Initially, of the tracks that would eventually appear on the second
album, they just had a demo version of ‘High And Dry’, which by then was stuck in a drawer somewhere, virtually forgotten about, and a very rough version of ‘Nice Dream’.

“We were really scared of our instruments,” Thom said in the same interview with
Vox
. “That might sound over-dramatic, but that’s how it felt. It must have been tortuous to watch. I know it was very hard on John Leckie, who didn’t know what the fuck was going on. We’d be going to him: ‘So what do you think? What shall we do?’ He was like: ‘Well, I don’t know, it’s up to you. You can do what the fuck you like, just do it rather than sit there thinking about it.’”

Luckily for them, John Leckie had seen it all before. He’d worked with everybody from solo members of The Beatles to The Verve and he knew he just had to wait until they were ready. The record couldn’t be forced.

“John Leckie seemed to be about the most relaxed human being you could meet,” says Nigel Powell. “At the time I questioned what he did because every time I’d pop round, I saw him at RAK Studios and a couple of other places, and it seemed like the only thing he did was sit at the back of the control room … while this other, small, short-haired guy called Nigel Godrich (who at the time nobody knew) was doing all the work rushing around setting up mics. But now, looking back, I can see what John Leckie was doing. He was just keeping it chilled. He’d be sitting at the back going, ‘Yeah, it sounds alright …’ He was making sure the hammer wasn’t down. He’d say, ‘It sounds alright. Maybe we can do one more.’ He was still driving the record on but he was trying to do it in the most relaxed way possible.”

But the label certainly weren’t relaxed. One executive supposedly left the studio after listening to what they’d come up with so far and raged, “Look, I don’t intend to take some fucking prog rock album. What the fuck is going on?”

By contrast, EMI’s Keith Wozencroft says now that it was always clear that
The Bends
was going to be a great record. “Songs like ‘Street Spirit’, ‘Nice Dream’, ‘Fake Plastic Trees’ etc were testament to that,” he says. “I don’t recall ever hearing any comments along those lines. Also, it wasn’t a prog record anyway.”

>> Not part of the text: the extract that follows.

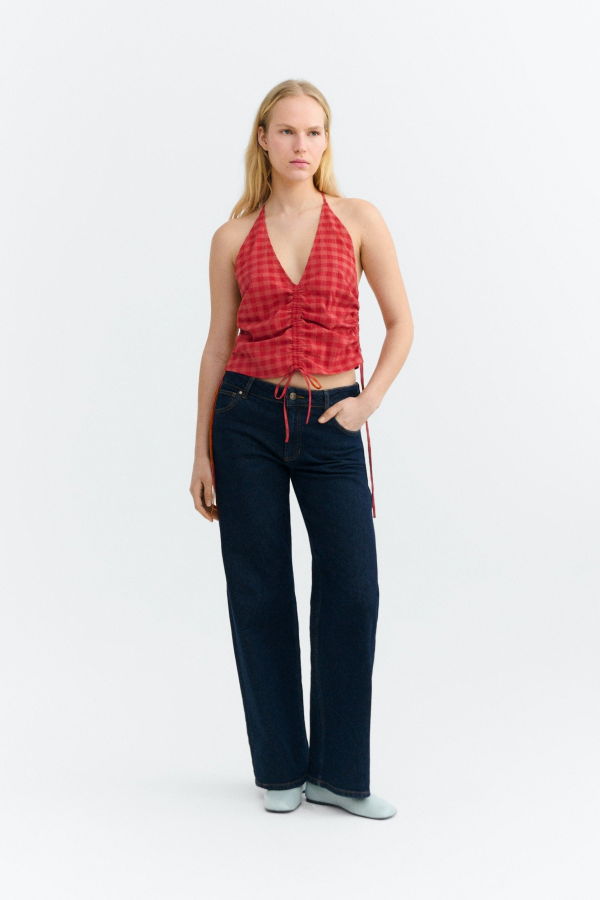 Thinking MU Red Checks Seersucker Hiba Top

But, whether or not the label meant to pressurise them, there was a definite sense that they needed to produce another ‘Creep’. John
Leckie says that EMI wanted them to write another hit single before they did anything else. “It kind of affected the first few weeks of recording,” he said to
Melody Maker
. “Because every three or four days, the record company or the manager would turn up to hear these hit singles and all we’d done was got a drum sound or something.” Thom ended up simply refusing to take the label’s calls, causing even more concern, but John dealt with that as well.

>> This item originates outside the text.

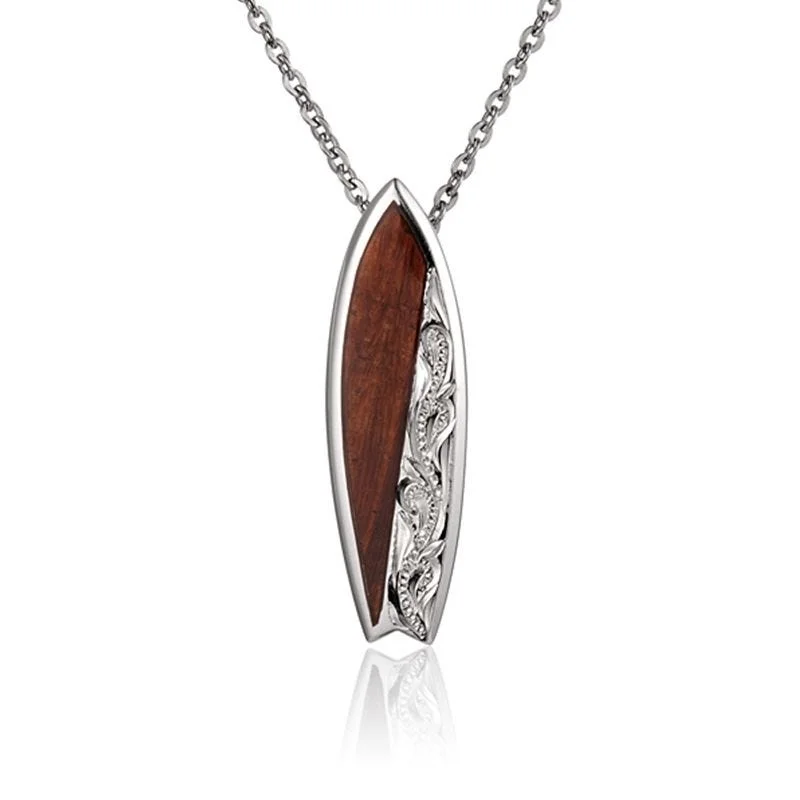 women's necklaces with diamond cluster -Sterling Silver Koa Wood Filigree Engraved Surfboard Pendant18" Necklace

“He viewed everything with a lack of importance,” Thom said to Nick Kent of
Mojo
later. “And thank God he did! He’s been doing it for so long he realised sometimes a producer is simply someone who just creates the right atmosphere for things to happen. In a way, he was like a caring uncle. He might see you as his little nephew who’s in a right fucking mess – but he still lets you get on with it.”

“He’s a wonderful man,” Thom also said in a TV interview. “When we went in to do this album, we were in a pretty bad state really, fragile to put it mildly, and he was able to make the studio a place conducive to work. A lot of producers tell you what to do and you scurry around and go, ‘OK’. We’d run around the studio and go ‘What do you think John?’ and he’d go ‘I don’t know, you decide, you’re the band! I’ll tell you when you’re going wrong.’”

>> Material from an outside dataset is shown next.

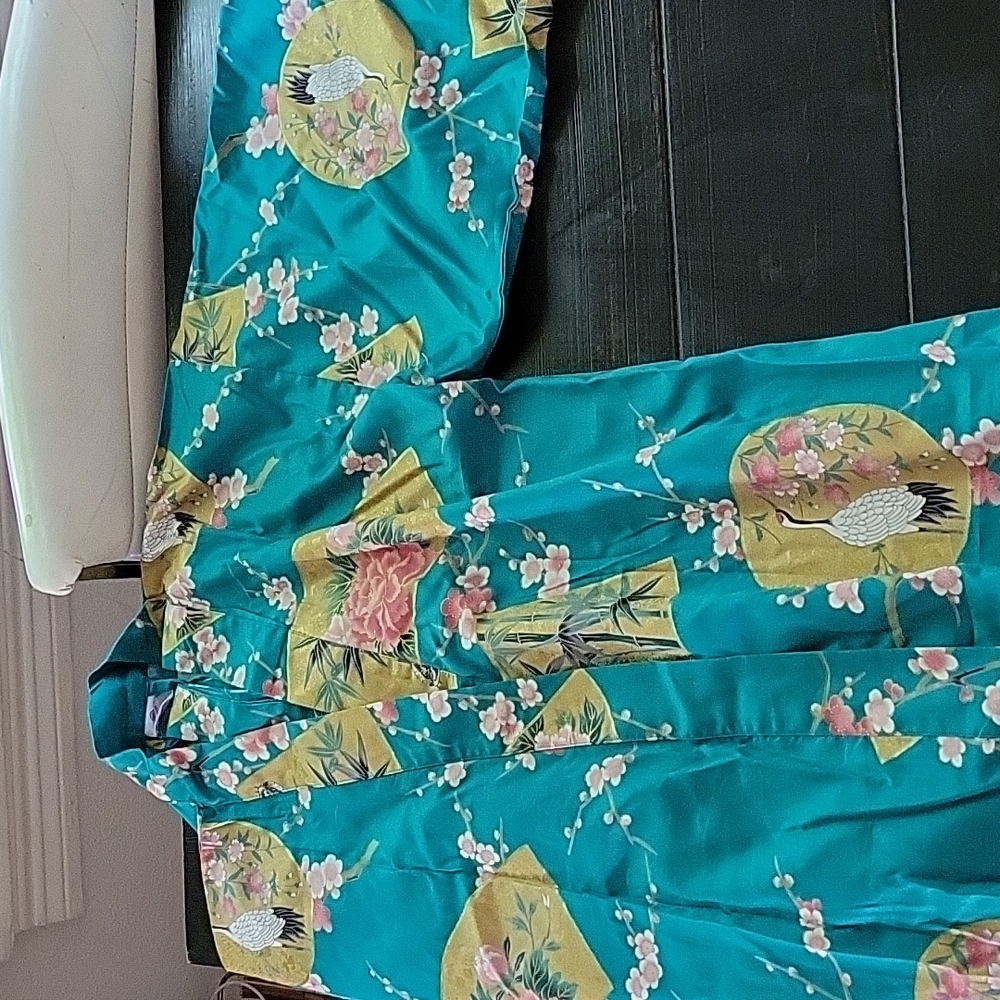 Japanese kimono robe teal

But, in America, Capitol wondered if they’d already gone wrong. There were rumours that they wouldn’t even release Radiohead’s second album. It seemed like the band had had their day in the sun with ‘Creep’ and they might have run out of steam. The problem was that the lack of communication on tour continued into the studio. Thom needed somebody to bounce ideas off but the tension was crippling. He’s described the decision-making process in Radiohead as, “like the UN – and I’m America” but this was one moment when the rest of the band rebelled. They couldn’t take anymore.

At that point, they had a world tour booked. It had originally been intended to promote an album that they’d barely started recording. Thom wanted to cancel it and stay in the studio until they’d got things right but Jonny, Colin, Phil and Ed suggested that they go anyway. John Leckie agreed. It was clear they were getting nowhere. A couple of months break would do them good.

“Towards the end, we had all these tour obligations and I thought, ‘Fuck it, no, I want to stay in the studio for three months’, Thom said later. “Everyone said no, you’ve got to get out of here and they were absolutely right.”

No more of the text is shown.